The Real Challenge: Avoiding Gluten
Studies presented at this year’s Digestive Disease Week addressed an ongoing challenge for patients with celiac disease (CD): adherence to a gluten-free diet.
Once a diagnosis of CD has been confirmed, strict avoidance of exposure to gluten is recommended. However, the challenge of adhering to a gluten-free diet is exacerbated by the fact that variable amounts of gluten contaminate “gluten-free foods” because of less than precise food production, processing, packaging, or preparation. In addition, labeling may be inexact. Inadvertent exposure to gluten also may be associated with exposure to nonfoodstuffs (eg, lipstick, toothpaste).
As a result of contamination, patients may continue to have mucosal inflammation despite a gluten-free diet.
Whereas the amount of gluten is known for individual products, the degree of inadvertent exposure to gluten by persons with CD is unknown. Gluten immunogenic peptide (GIP) analysis, which allows direct and quantitative assessment of gluten exposure, has been shown to be of value in the diagnosis and clinical management of patients with nonresponsive or refractory CD.[1]
Silvester and colleagues[2] determined the amount of gluten ingested by highly motivated, educated patients with CD adhering to a gluten-free diet by measuring the levels of GIPs in food, urine, and stool and the relationship with gluten exposure and persistent villous atrophy or related symptoms. As part of the study, participants also saved “doggie bags” for analysis that contained a sample of any processed or cooked food consumed.
Gluten was detected in at least one sample from 86% of patients consuming a gluten-free diet. Overall, approximately 33% of food samples positive for GIPs contained > 20 ppm of GIPs, with some containing > 100 ppm of GIPs. The estimated amount of GIPs ingested ranged from 0.23 mg to > 40 mg per exposure.
These novel data confirm that strict gluten avoidance is difficult to achieve, even by those who are highly motivated and educated.
AMG 714
Because it is difficult for a patient with CD to completely avoid gluten exposure, another level of protection—beyond a gluten-free diet—is needed.
Two studies presented an alternative strategy: the use of an experimental biologic drug to reduce symptoms and inflammation after gluten exposure. This new agent, AMG 714, is an investigational monoclonal antibody that blocks the effect of interleukin 15 (IL-15), a known intestinal inflammatory mediator in patients with CD.
In a randomized, double-blind, placebo-controlled phase 2a study, patients received six subcutaneous doses of AMG 714 (150 mg or 300 mg) or matching placebo over a 10-week period.[3] From weeks 2 to 12, selected patients received a high-dose gluten challenge (approximately 2.5 g/day for 10 weeks).

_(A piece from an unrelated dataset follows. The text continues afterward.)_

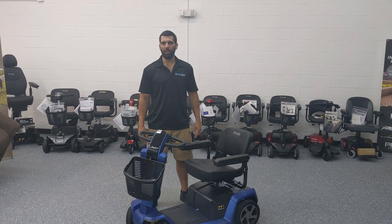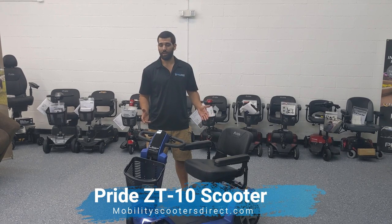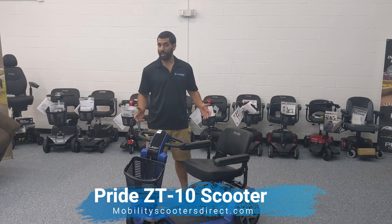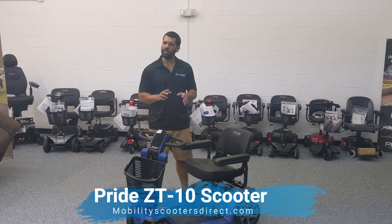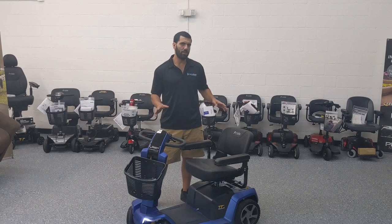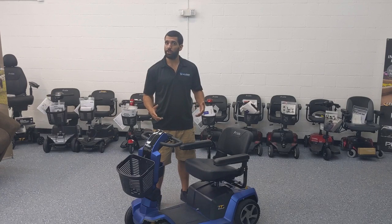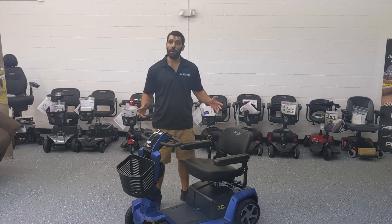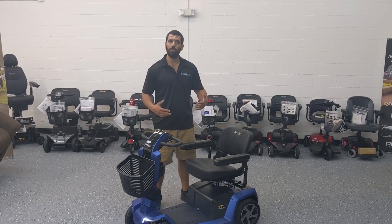Hi everybody, I'm Sergio from Mobility Scooters Direct, here today to show you the Pride Mobility ZT10 Mobility Scooter. This is one of Pride Mobility's latest products. It was released in late 2019, early 2020. They first announced the ZT10 at MedTrade — we were able to get some video and pictures, which you might have seen on the product page or our blog. But we finally got one in the showroom and wanted to demonstrate how it works, how to take it apart, and show you some of the features.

The primary endpoint, the effect on the villus height to crypt depth ratio, was not statistically significant, but AMG 714 reduced gluten-triggered effects across several endpoints. Among the gluten challenge group, the 300-mg dose significantly improved patient reported outcome scores, and both doses reduced the number of weeks with diarrhea.
This agent may also be useful for refractory celiac disease type II, also called “pre-enteropathy-associated T-cell lymphoma” (pre-EATL), which arises as a complication of CD. This condition is a devastating and rare small bowel in situ lymphoma. The prognosis is poor; 50% of patients progress to EATL, and 5-year survival is about 45%.[4]

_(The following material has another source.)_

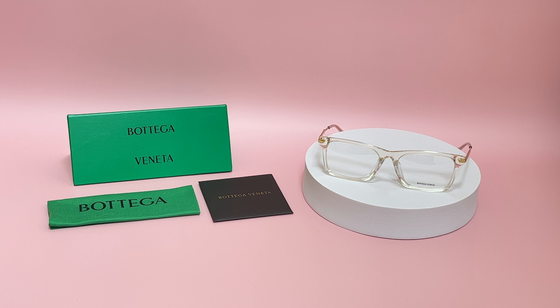Hi, I'm Nolan from iSpecs. I'll be demonstrating Bottega Veneta eyeglasses model BV-1040-O-A, color code 003.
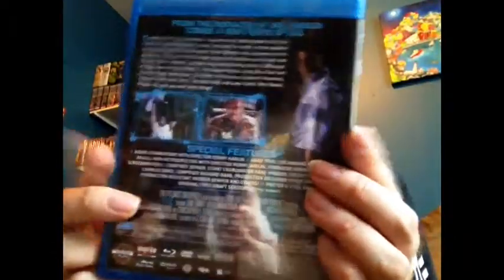On the back, we got a different picture there as they always do. Special features include audio commentary with director Renny Harlan. This was 1988 — Renny Harlan had just come over to the United States, so he hadn't yet made Cliffhanger, or even Nightmare on Elm Street 4: Dream Master, which he would make later on that year. This would be his first big picture in the United States, and a lot of things came out of this picture.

The presence of pre-EATL is defined by an aberrant monoclonal intraepithelial lymphocyte (IEL) population. IL-15 plays a major role in pre-EATL; it exerts antiapoptotic effects on aberrant IELs and is the key driver for transformation of IELs during lymphoma development. AMG 714 (anti–IL-15) prevents signaling of the IL-15 receptor complex on the cell surface of the IELs and halts proliferation and activation.

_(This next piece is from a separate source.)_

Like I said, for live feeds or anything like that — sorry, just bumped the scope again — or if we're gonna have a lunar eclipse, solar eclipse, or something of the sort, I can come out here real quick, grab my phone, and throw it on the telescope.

In a randomized, double-blind, placebo-controlled phase 2a study conducted by Cellier and colleagues,[4] patients received seven doses of AMG 714 (8 mg/kg) or matching placebo over 10 weeks. The primary endpoint, reduction in aberrant intestinal IELs, was not statistically significant between the groups. However, AMG 714 was associated with interruption in the progression of the disease. In addition, a numeric reduction occurred in the percentage of small-bowel aberrant IELs (2.5% increase from baseline) compared with placebo (7.3% increase from baseline). There was a 27% improvement in villous atrophy versus no improvement in placebo recipients.
In both studies, there were no serious adverse events or safety signals associated with AMG 714. Immunogenicity was low, and neutralizing antibodies were not detected.
These proof-of-concept and proof-of-mechanism studies indicate that AMG 714 (anti–IL-15) is effective in ameliorating the effects of gluten in patients with CD. Therefore, AMG 714 merits development as an adjunct to a gluten-free diet, offering a potential medical approach to alleviating symptoms for patients inadvertently exposed to gluten. However, the investigators caution that this approach is intended to protect against modest gluten contamination; it is not designed to counteract the effects of regularly eaten large amounts of gluten.